The spin of the more massive component has a larger effect on the GW and is, therefore, systematically better constrained, as seen in Figure \ref{fig:spinPDFcred}. For both spins, however, the posterior shows slow spins to be only slightly more probable than high spins for most sources. The mean (median) \(50\%\) upper limits on \(\chi_1\) and \(\chi_2\) are \(0.319\) (\(0.302\)) and \(0.424\) (\(0.419\)), respectively; the \(90\%\) upper limits are \(0.707\) (\(0.699\)) and \(0.855\) (\(0.859\)).

\label{fig:spinPDFcred} Distribution of one-dimensional marginalized posterior probability density functions (PDFs) of spin magnitudes of the more and less massive components (\(\chi_1\) and \(\chi_2\), respectively) for all \(250\) simulated sources.
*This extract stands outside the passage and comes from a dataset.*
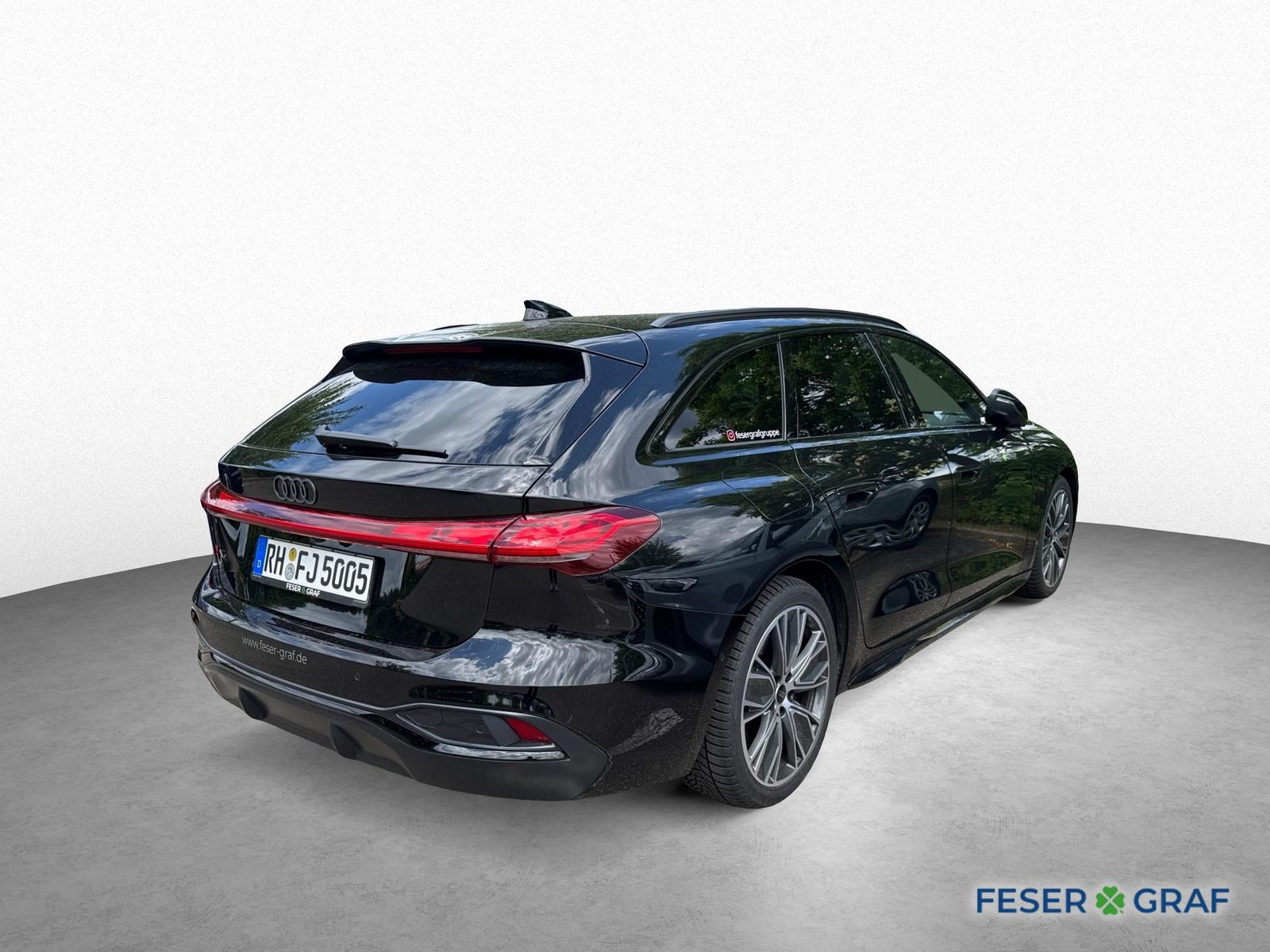 Audi A5 Avant TDI quattro S line-LED-NAVI-TECHPRO-360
Shaded regions show the \(90\%\) credible boundaries for the spin distributions of the population, and the solid lines show the average of each PDF. The posteriors have consistent morphology and span the majority of the prior range. The spin of the most massive component is typically slightly more constrained toward low values, but even a maximal spin of \(\chi_1 = 1\) is never ruled out with \(100\%\) certainty.

Prior Constraints on Spin


Because spin is largely degenerate with mass ratio, and spin is expected to be small for BNS sources, it is interesting to ask how the mass constraints are affected by making stronger prior assumptions about the spin of NSs. First, we make the extreme assumption that NSs have negligible spin, as was done in Singer et al. (2014) and Berry et al. (2015). Figure \ref{fig:mass_std} compares the distribution of (fractional) uncertainties in chirp-mass, mass-ratio and total-mass estimates for the spinning and non-spinning analyses. The average fractional uncertainties from the non-spinning analysis are a factor of \(\sim3\)\(4\) smaller than the uncertainties from a spinning analysis in the case of \(\mathcal{M}_\mathrm{c}\) and \(q\), and about an order of magnitude smaller for the total mass.
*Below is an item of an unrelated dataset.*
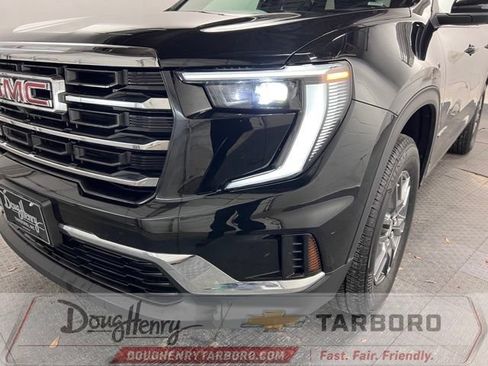 Used 2025 GMC Acadia Elevation FWD image 11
\label{fig:mass_std} Fractional uncertainty in chirp mass \(\mathcal{M}_\mathrm{c}\), mass ratio \(q\) and total mass \(M\) estimates from the non-spinning and spinning analyses. The mean fractional uncertainties from the non-spinning analysis are \(0.0185\%\), \(8.93\%\) and \(0.542\%\) for chirp mass, mass ratio and total mass, respectively. These are a factor of a few smaller than found from a spinning analysis (\(0.0676\%\), \(28.7\%\) and \(6.15\%\) for chirp mass, mass ratio and total mass, respectively).

Figure \ref{fig:comp_masses} compares cartoon \(90\%\) credible regions in component-mass space of five chosen simulated signals (cf. Hannam et al., 2013; Chatziioannou et al., 2015). As a consequence of the difficulty of estimating the narrow and nonlinearly correlated credible regions in \(m_1\)\(m_2\) space, we illustrate the credible regions in \(m_1\)\(m_2\) space as the projection of a rectangular region in \(\mathcal{M}_\mathrm{c}\)\(q\) space. To define the rectangular region we use \(90\%\) credible intervals of the one-dimensional posterior PDFs of \(\mathcal{M}_\mathrm{c}\) and \(q\); for \(\mathcal{M}_\mathrm{c}\) we use the central \(90\%\) credible interval (\(5\)th to \(95\)th percentile), and for \(q\), the upper \(90\%\) credible interval (\(10\)th to \(100\)th percentile). These differing credible intervals were chosen to better summarize the one-dimensional posterior PDFs, which are typically normal for \(\mathcal{M}_\mathrm{c}\) and skewed toward high values for \(q\) (see figure \ref{fig:mass_pdfs}).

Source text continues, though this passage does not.